> [Exercise goal]: What is needed is an exact copy of the lines from the one containing "this 768×1024 image." through the last line of the records below, with no pictures.

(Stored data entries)
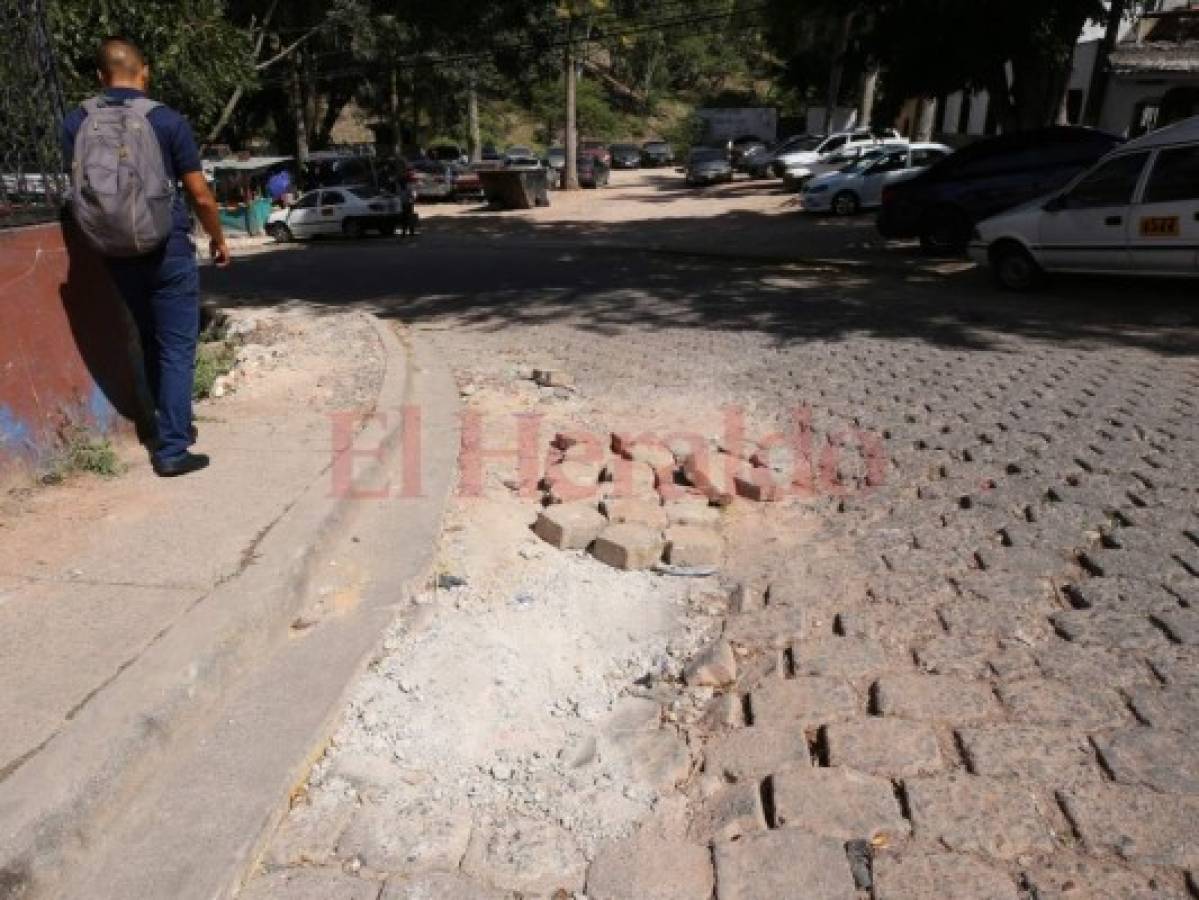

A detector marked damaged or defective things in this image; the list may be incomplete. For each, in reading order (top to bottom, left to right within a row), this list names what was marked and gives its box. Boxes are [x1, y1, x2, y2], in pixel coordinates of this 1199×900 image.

broken concrete edge [0, 311, 441, 900]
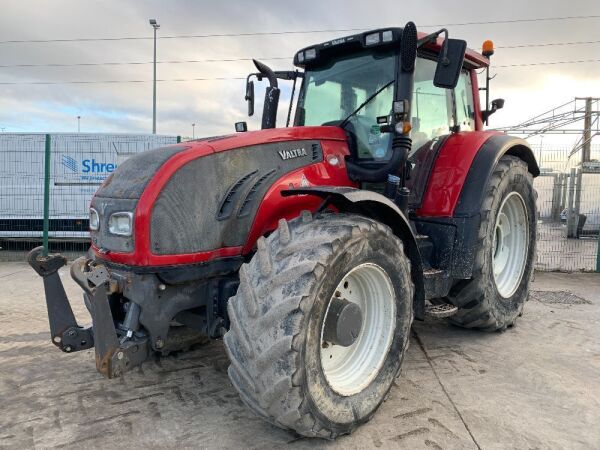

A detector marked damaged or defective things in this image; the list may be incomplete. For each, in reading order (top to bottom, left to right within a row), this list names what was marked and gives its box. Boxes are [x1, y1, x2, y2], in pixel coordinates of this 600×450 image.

cracked concrete surface [0, 264, 596, 450]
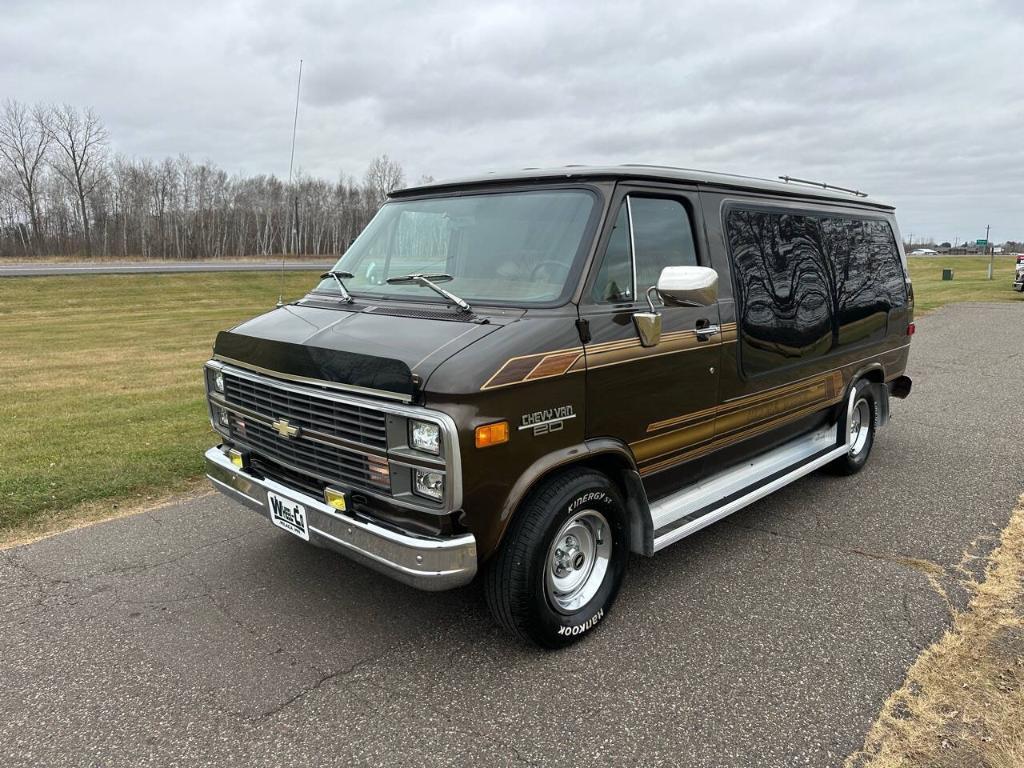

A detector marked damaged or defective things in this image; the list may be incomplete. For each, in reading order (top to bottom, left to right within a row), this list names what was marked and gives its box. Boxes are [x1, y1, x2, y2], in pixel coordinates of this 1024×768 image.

cracked asphalt [2, 302, 1024, 768]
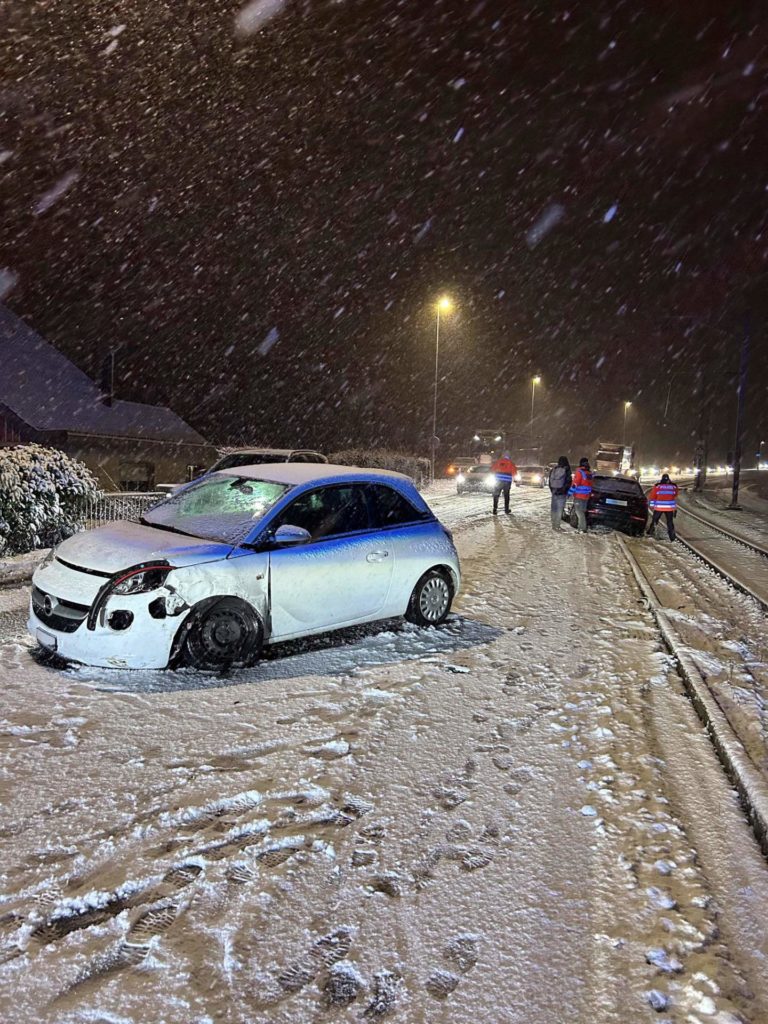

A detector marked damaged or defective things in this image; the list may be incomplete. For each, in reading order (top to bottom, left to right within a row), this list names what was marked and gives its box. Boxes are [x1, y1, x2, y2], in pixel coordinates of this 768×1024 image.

white crashed car [28, 466, 462, 671]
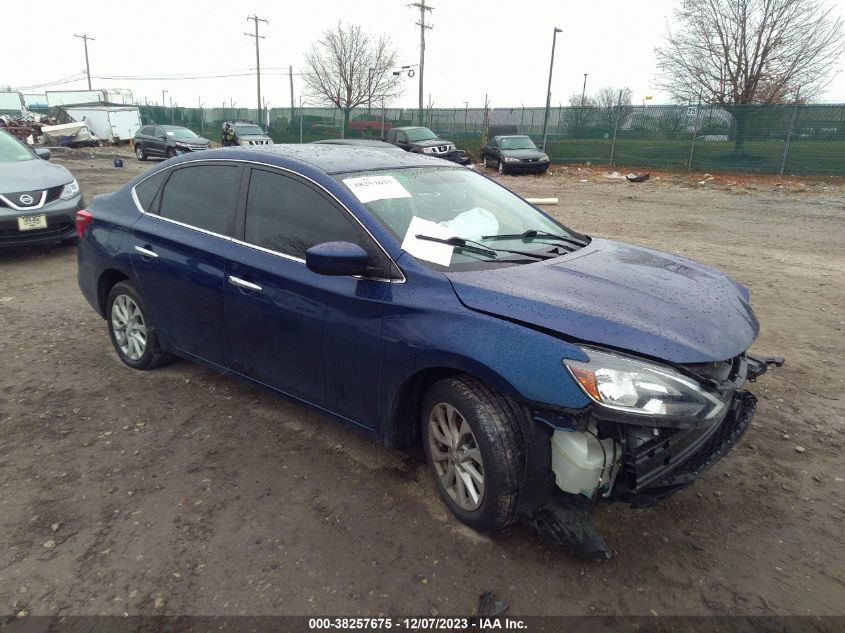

> [Answer space]:
A detector marked damaged or defective things in this image; the list may be incomplete. For each, in reading order (top to bottom, left to right within a row), this list names what was marked and gives its box. Boxes are [x1, y1, x2, y2], in pixel coordinates of this 768×1024 image.

white crashed car [28, 466, 462, 671]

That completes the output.